When I was a child growing up there 30 years ago, the first warm, spring night meant one thing: Every kid from every house was out, playing in the street and on the sidewalks. Freeze tag, bikes, kick the can, hide-and-seek.
I know where all the kids were. Same place as mine. Soccer practice. Piano lessons. Tutoring. Or in lock-down because the neighborhood was experiencing a wave of bombings, drive-by shootings and child abductions (not).
Once at book club, one mom insisted that all the neighborhood kids needed to be inside because our world has become very dangerous. That schools forbid kids from walking or biking to or from school. That kids' nonstop extracurricular activities are essential for them to thrive in our highly competitive world. I protested that our particular world — for instance, my old neighborhood — has not gotten any more dangerous or competitive in the past 30 years. Several of the moms argued that our world — let me note that it is a largely white, largely middle class East Coast milieu — is a far riskier, threatening place than it was in 1975.

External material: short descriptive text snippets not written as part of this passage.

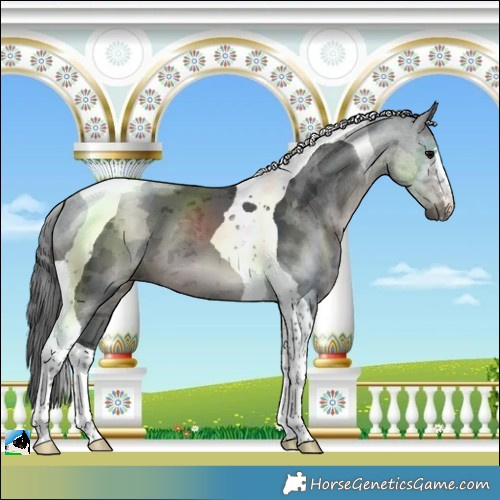 Horse Color:Black Merle Tobiano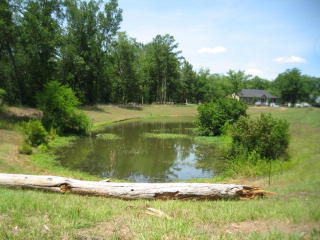 101 Rose Ln, Cobb, GA 31735-2193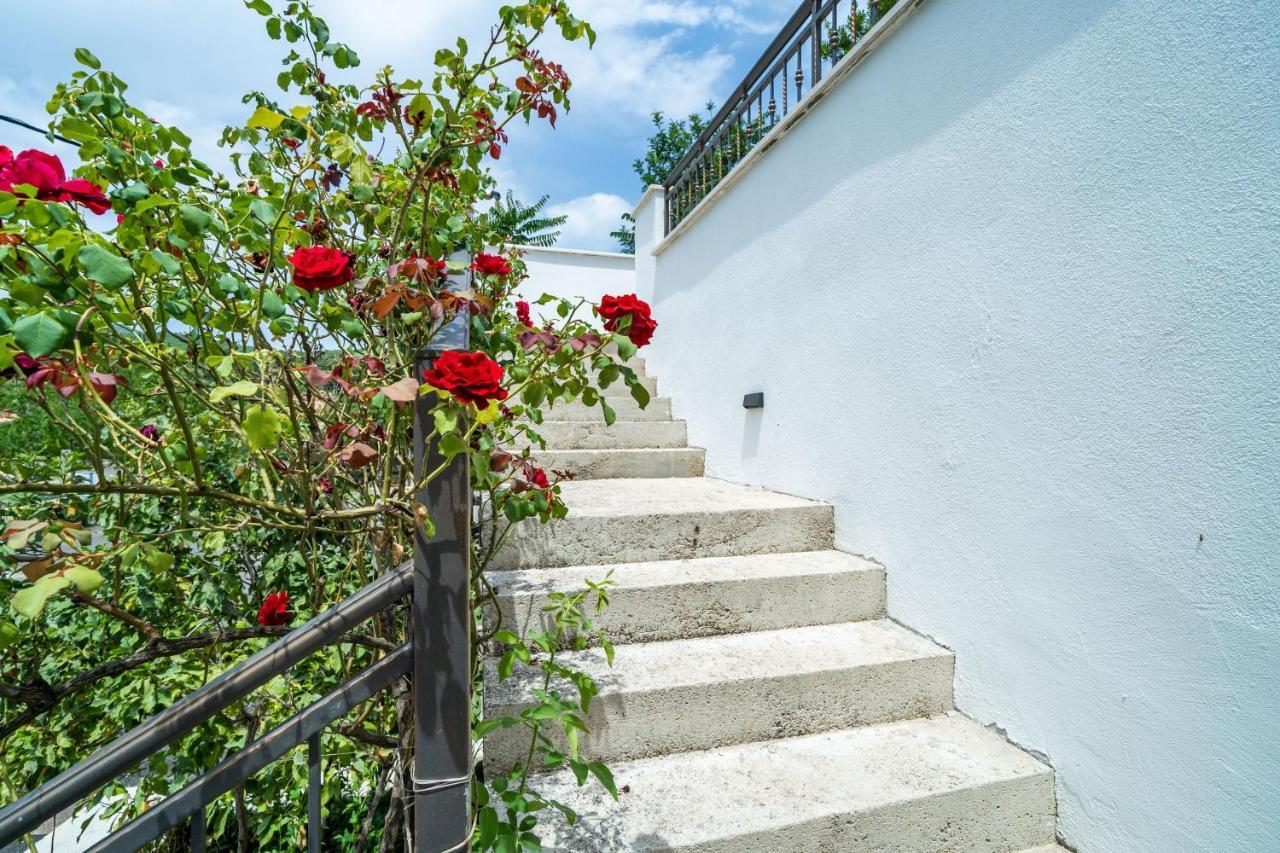 Hidden Gem Apartment Molunat Exterior photo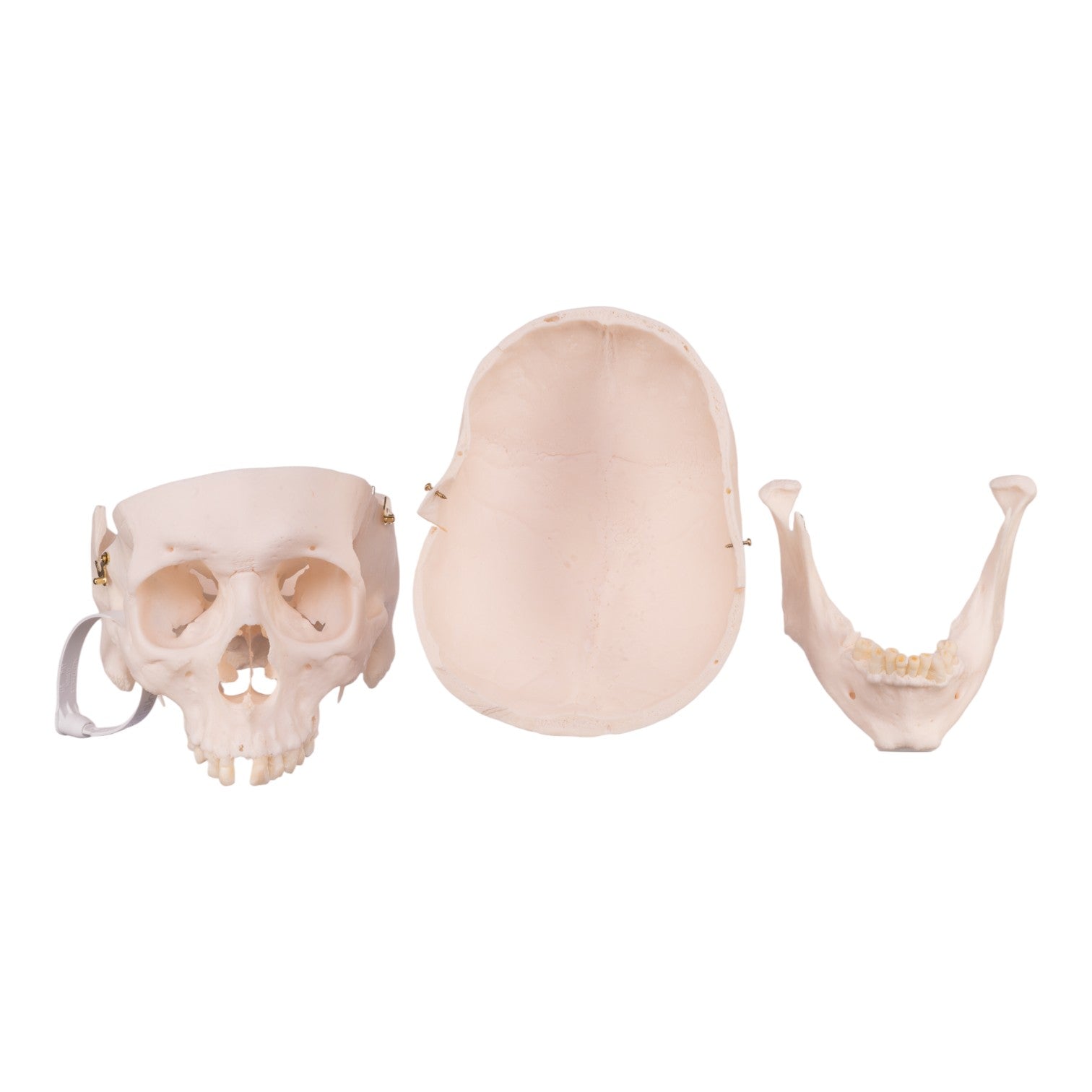 Premium Anatomical Human Skull Model - Accurate Medical & Educational Replica for Students, Doctors & Collectors | Perfect for Classroom Study, Halloween Decor & Scientific Research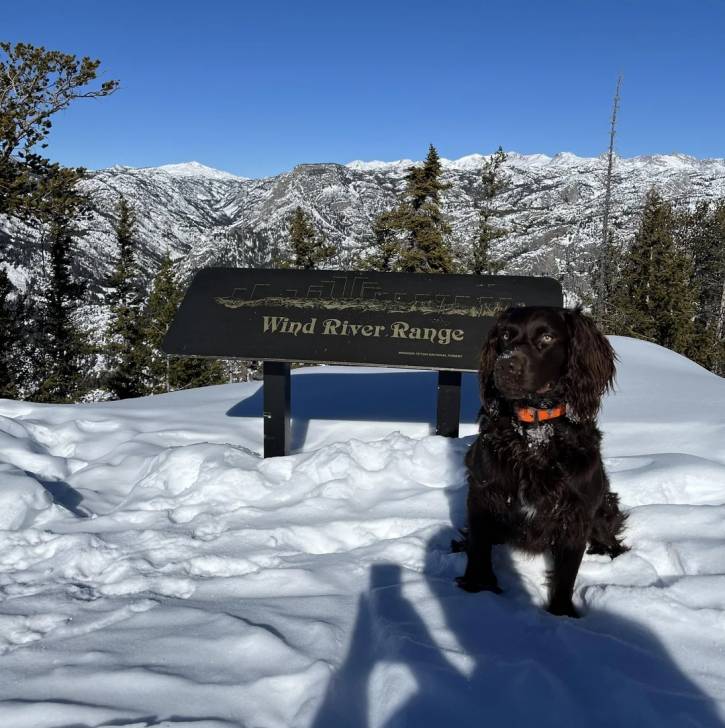Un Boykin Spaniel assis sur une surface enneigée et portant un collier autour du cou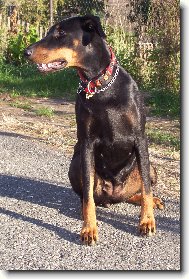 Dobermann, Doberman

Our world is very different — because we’ve made it different. Today's parents have changed how we parent. If a majority of parents refuse to let their kids play outside their house, or go to a local park or walk to school by themselves, then no kids can. Because one kid alone on the sidewalk or at the park is vulnerable (not to mention bored).
Can we agree that American parents — especially middle- and upper-middle-class parents — have gone collectively crazy? Almost everyone today, myself included, falls into the "extreme parenting" category.
But what I cannot figure out is WHY. Exactly when, and how, did American parents become completely obsessed with making our children's childhoods perfect?
Did you believe you'd be different? That your kids would have zero afterschool activities besides "go out and play until dinnertime?" What purpose does it serve — kids or parents — to micromanage our kids' supposedly most carefree days? What has happened to just letting kids play? And when — if ever — will the pendulum swing back?